Within 45 days after filing of the Form ADV, the SEC must grant registration or institute an administrative proceeding to determine whether registration should be denied. The SEC may deny registration if the adviser or a related person is subject to a statutory disqualification under Section 203(e) of the Advisers Act including:
- making a false or misleading statement in its registration application;
- having been convicted of a felony within the past ten years;
- having been convicted by a court or found by a US or foreign regulatory agency to have violated a securities-related statute or rule; or
- having been the subject of a securities-related injunction.
Form ADV is the basic registration form for registration as an investment adviser. It consists of two parts and the information provided is the basis of the SEC’s registration decision.

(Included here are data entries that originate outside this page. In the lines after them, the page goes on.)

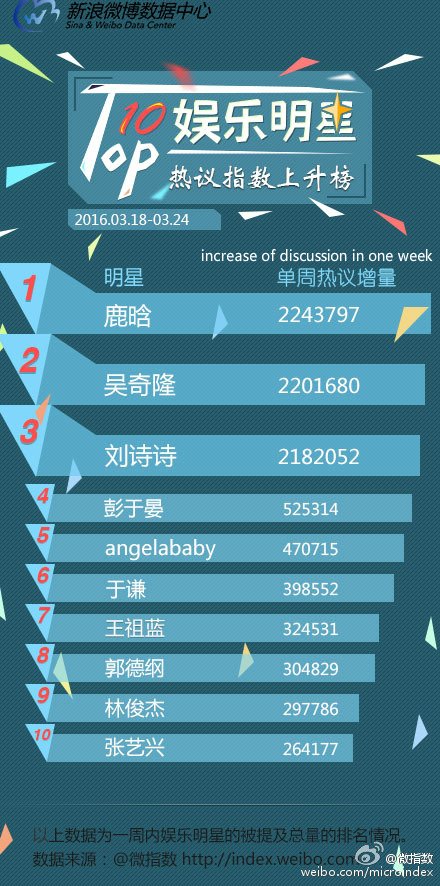 luking0420's tweet photo. [INFO] 160325 #LuHan hits No.1 on Weibo Index Chart 3.18-3.24 https://t.co/NdduB4emXZ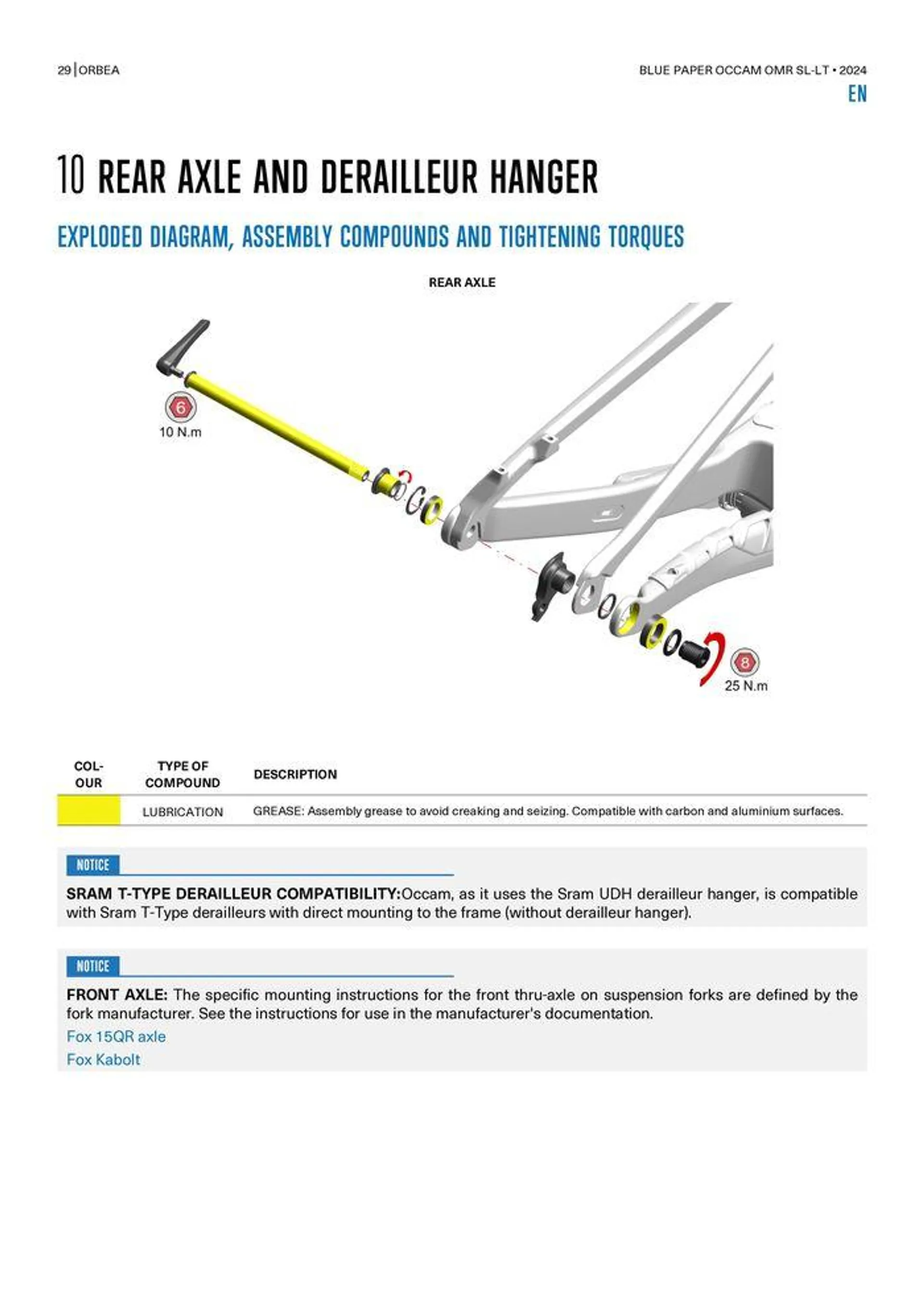 OCCAM OMR SL-LT 2024 van 25 oktober tot 25 oktober 2024 - folder pagina 29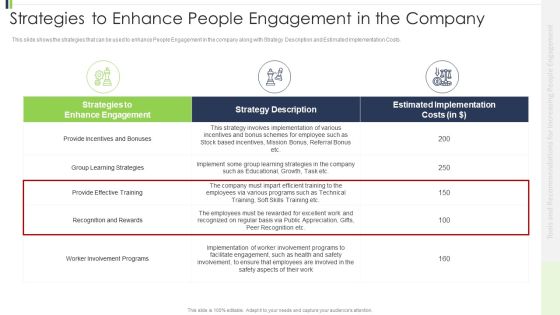 Strategies To Enhance People Engagement In The Company Introduction PDF Strategies To Enhance People Engagement In The Company Introduction PDF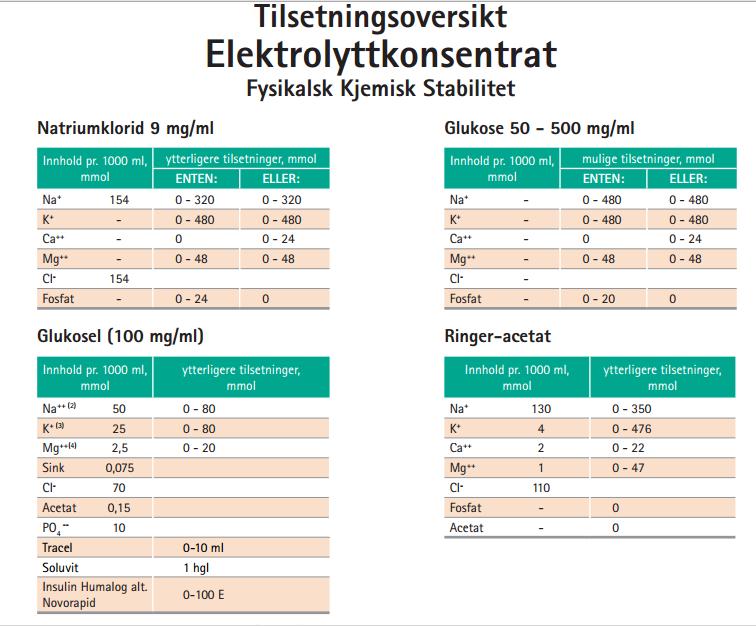 Elektrolytt-tilsetninger (BRAUN) Niklas Nilsson,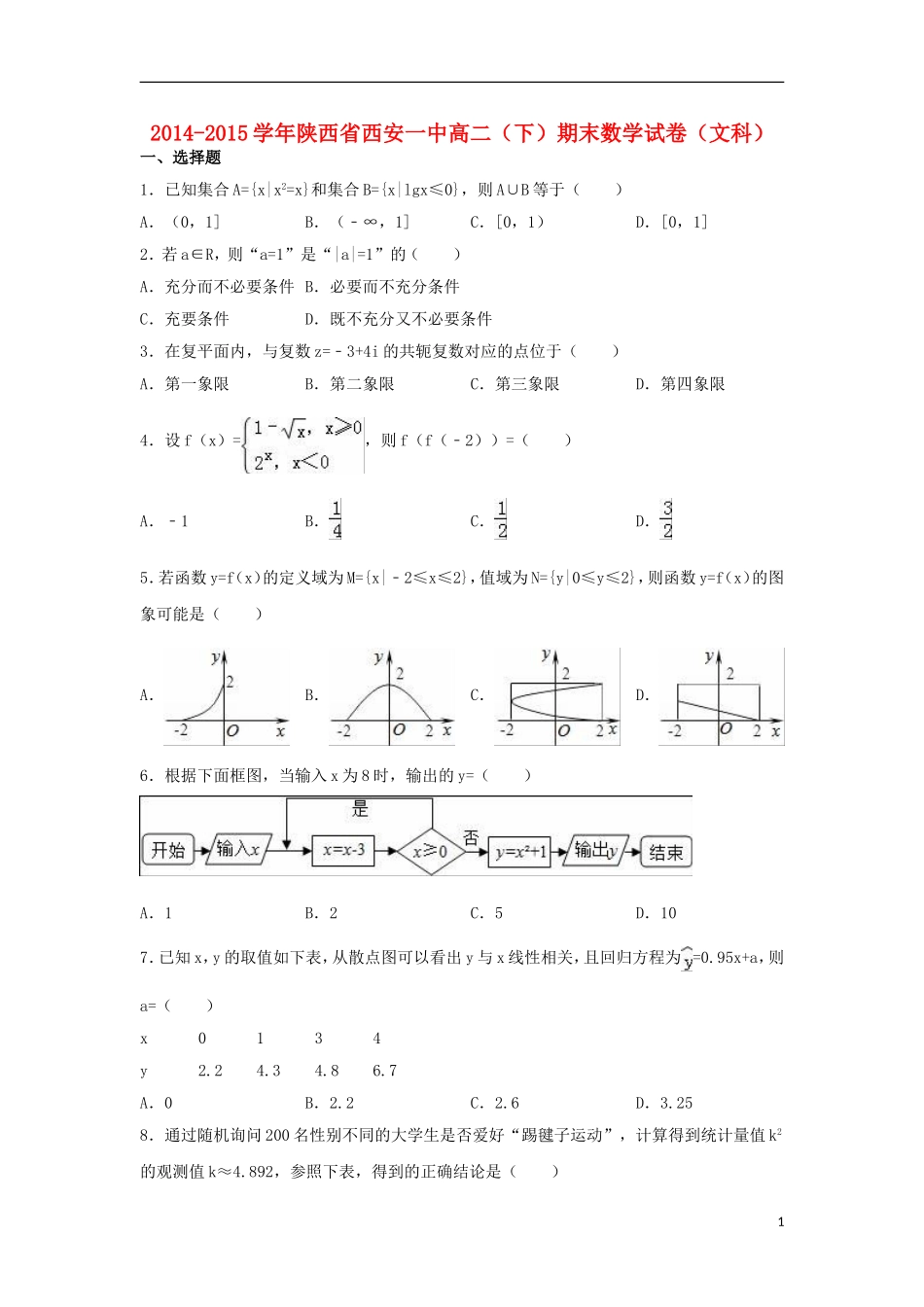 陕西省西安一中高二数学下学期期末试卷 文（含解析）-人教版高二全册数学试题_第1页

Part 1A of Form ADV requires an investment adviser to provide information on the adviser including:
- identifying information;
- basis of SEC registration eligibility;
- information on its advisory business including:
- number of employees;
- number of and types of clients’
- compensation arrangements; and
- amount of regulatory assets under management.
- other business activities;
- financial industry affiliations;
- information on private funds managed;
- proprietary interests in client transactions;
- custody arrangements;
- control persons; and
- criminal and regulatory disciplinary history of the adviser and its related persons.

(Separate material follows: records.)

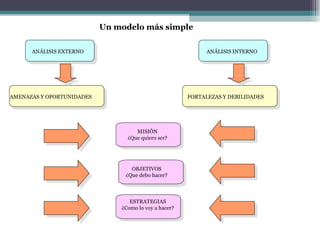 Un modelo más simple

      ANÁLISIS EXTERNO                                       ANÁLISIS INTERNO




AMENAZAS Y OPORTUNIDADES                               FORTALEZAS Y DEBILIDADES




                                    MISIÓN
                                 ¿Que quiero ser?




                                  OBJETIVOS
                                ¿Que debo hacer?



                                  ESTRATEGIAS
                               ¿Como lo voy a hacer?
 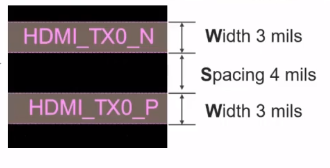 Width and spacing of HDMI traces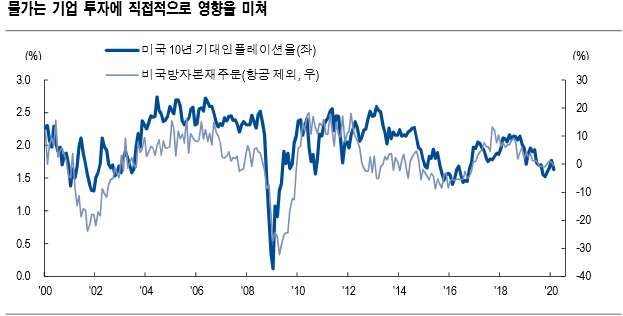  국제유가 하락의 시사점과 향후 전망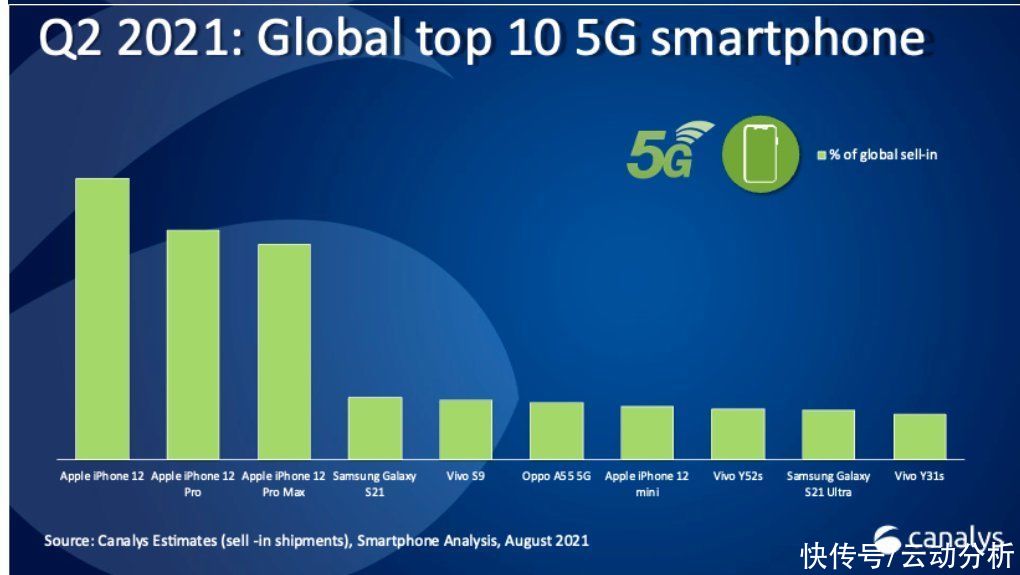 安卓|2021年Q2全球安卓5G手机出货量:国产厂商包揽前三，O系表现最抢眼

Part 1B of Form ADV requires information specific to individual state registrations and is not discussed in detail in this article.

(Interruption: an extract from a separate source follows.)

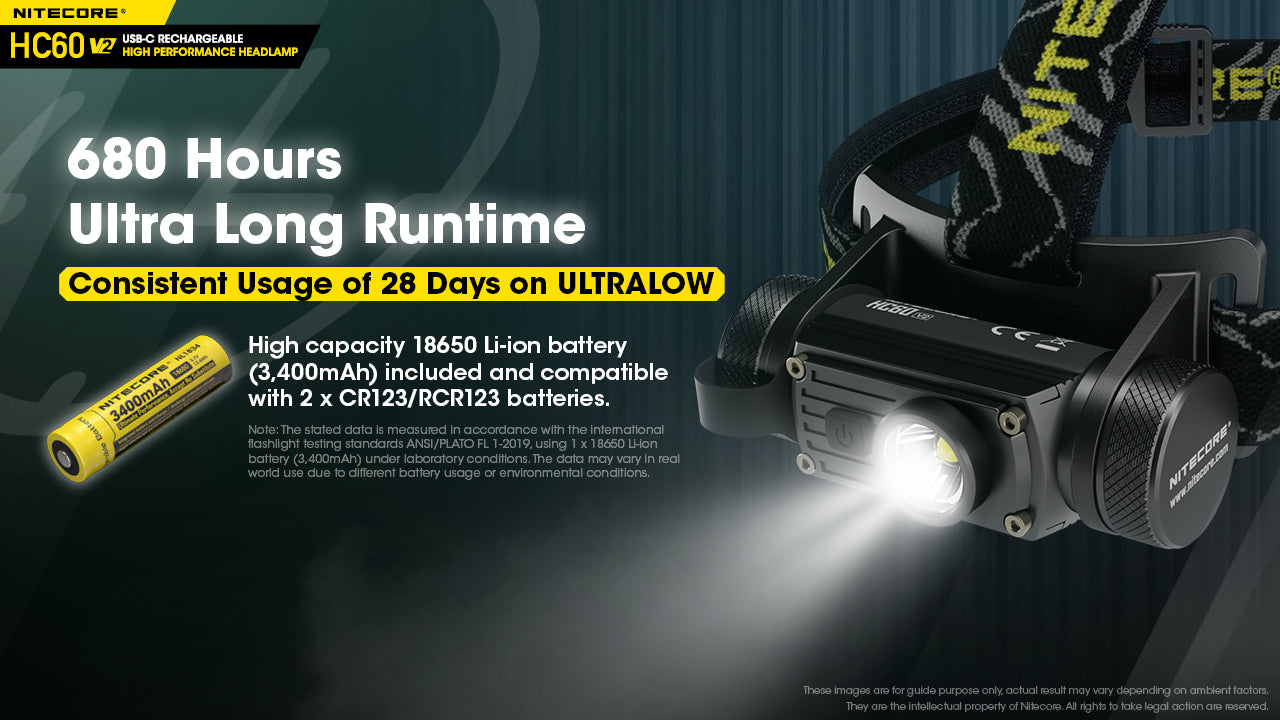Nitecore HC60W V2 Rechargeable Headlamp (Neutral White) (1200 Lumens)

Part 2 contains information, which must be filed with the SEC and provided to an investment adviser’s clients at the beginning of an advisory relationship and annually.
Part 2A of Form ADV (the “Brochure”) requires an adviser to prepare a narrative brochure that includes plain English disclosures of the investment adviser’s business, including its:
- principal owners, types of advisory services or amount of assets managed on discretionary and non-discretionary basis;
- fees and compensation, including performance fee arrangements;
- types of clients;
- methods of analysis, investment strategies and risk of loss;
- disciplinary information;
- other financial industry activities and affiliations;
- code of ethics, participation or interest in client transactions and personal trading;
- brokerage practices;
- review of accounts; client referrals and other compensation;
- custody arrangements;
- investment discretion;
- proxy voting procedures; and
- financial information.
Part 2B of Form ADV (the “Brochure Supplement”) requires an adviser to provide information about each advisory employee who provides investment advice to its clients, including the employee’s:
- educational background;
- business experience;
- other business activities;
- disciplinary history;
- additional compensation arrangements; and
Failing to properly register and failing to maintain proper reporting and registration can lead to significant penalties and can create significant liability. Such failure may lead to being banned from the securities industry. For these reasons, it cannot be stated too strongly that, the advice of experienced counsel is necessary when acting as an investment adviser.
1 Advisers Act, Section 202(a)(11). 2 Applicability of the Investment Advisers Act to Financial Planners, Pension Consultants, and Other Persons Who Provide Investment Advisory Services as a Component of Other Financial Services, SEC Release No. IA-1092 (Oct. 8, 1987). 3 Advisers Act, Section 203A(a)(1)(A). 4 Advisers Act, Section 203A(b)(2).